What we loved about Sex, Jesus, and The Conversations the Church Forgot was its honesty and candidness, specifically bringing into the light that Christian women struggle with pornography, masturbation, and sexual desires in general.  So many “struggles” of sexuality have been gendered as men’s issues in the Church, yet as Isom shares her story she openly reveals these are not only issues guys face and they are temptations girls are facing at extremely young ages.

Furthermore, Isom elaborates on the emphasis of abstinence and purity culture in the Church.  She shares from her own story that she crossed every line imaginable, yet sought to keep her “purity” in tact by only avoiding vaginal penetration.  While some may drop their jaw we just used such words on a blog, this is a common misconception that we have both heard from girls, describing their physical boundaries in dating relationships.  Isom highlights sexual purity is so much more and begins so much sooner, reaching to so many different areas of our lives.

We were thankful that Sex, Jesus, and The Conversations The Church Forgot acknowledged singleness, upholding its value as Scripture describes.  Yet, (Emily Katherine here-) Isom seems to explain singleness from the point of view of chosen singleness, never addressing those of us in a season of singleness that is not chosen or preferred.  She describes a season of singleness when she felt closer to the Lord than ever before and free of so many complications and complexities- yet this is more a chosen fast from dating and her only time of singleness according to her story.  (My single sisters, here’s your trigger warning.)

“We don’t need a partner to assign us value when we feel worthless.  We need a soul reawakened to its worth in our Father’s eyes.”

I, (Erin here-) valued Isom’s explanation that sex in marriage is not a magic thing that comes together just because you followed the rules of purity culture.  While Isom lacks a full emphasis on how a theology of intimacy creates the way for success in marriage, she at least dispels this HUGE myth we are still trying to sell people.

Sex, Jesus, and the Conversations The Church Forgot is a valuable read I have already recommended to mothers, small group leaders, and student ministry workers, specifically those who work with girls.  Yet, Erin and I ended our conversation by summarizing while we are so thankful for this book and the great conversations it has begun, this book is only an appetizer for what we were looking for.

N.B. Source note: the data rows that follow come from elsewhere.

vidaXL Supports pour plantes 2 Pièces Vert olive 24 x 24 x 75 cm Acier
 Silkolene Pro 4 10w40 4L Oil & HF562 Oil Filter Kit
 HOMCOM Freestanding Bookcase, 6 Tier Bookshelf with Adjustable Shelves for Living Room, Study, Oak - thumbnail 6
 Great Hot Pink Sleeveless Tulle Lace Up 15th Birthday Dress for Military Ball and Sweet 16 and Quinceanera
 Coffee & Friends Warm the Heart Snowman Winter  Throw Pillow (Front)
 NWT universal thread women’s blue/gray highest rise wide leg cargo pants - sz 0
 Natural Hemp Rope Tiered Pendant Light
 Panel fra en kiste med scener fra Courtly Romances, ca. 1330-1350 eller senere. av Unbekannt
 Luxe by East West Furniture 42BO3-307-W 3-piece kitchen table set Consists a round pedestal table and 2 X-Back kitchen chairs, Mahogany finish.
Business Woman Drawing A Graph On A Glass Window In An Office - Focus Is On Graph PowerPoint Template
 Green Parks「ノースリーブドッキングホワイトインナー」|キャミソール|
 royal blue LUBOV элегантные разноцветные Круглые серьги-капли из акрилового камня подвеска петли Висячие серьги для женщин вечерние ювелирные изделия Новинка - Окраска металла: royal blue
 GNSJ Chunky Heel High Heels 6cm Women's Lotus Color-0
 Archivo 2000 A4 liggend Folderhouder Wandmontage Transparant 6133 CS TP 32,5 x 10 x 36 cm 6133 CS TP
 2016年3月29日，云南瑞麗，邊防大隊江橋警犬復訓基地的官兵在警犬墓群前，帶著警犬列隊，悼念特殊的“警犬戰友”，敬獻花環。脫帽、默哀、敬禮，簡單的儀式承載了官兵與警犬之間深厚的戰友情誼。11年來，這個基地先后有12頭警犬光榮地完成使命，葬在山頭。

Isom leads openly and honestly with her story throughout the text.  I (Emily Katherine) so valued her rawness and authenticity, yet this story driven nature sometimes led to theological points which drew me to check for her seminary education on the back of the book.  The story driven nature of Isom’s book to me (Erin) somewhat limited the issues that could be addressed by leaving out the narratives of victims of sexual abuse and narrowing the focus to one persons’ story, limiting the Church’s ability to respond with better conversations pertaining to sexuality.  The author takes so much personal responsibility for her struggle with sexual sin that she overlooks affects of her environment and family, perpetuating the Western narrative of private salvation overlooking the fullness of the message of the gospel which openly points to the effects of environment and generational sin, along with the Church’s role in sanctification.  Erin and I also discussed many students we counsel’s stories of sexuality include same sex attraction or wrestling with gender identity which were not even acknowledged as this book focuses on Isom’s story rather than issues of sexuality and Christianity as a whole.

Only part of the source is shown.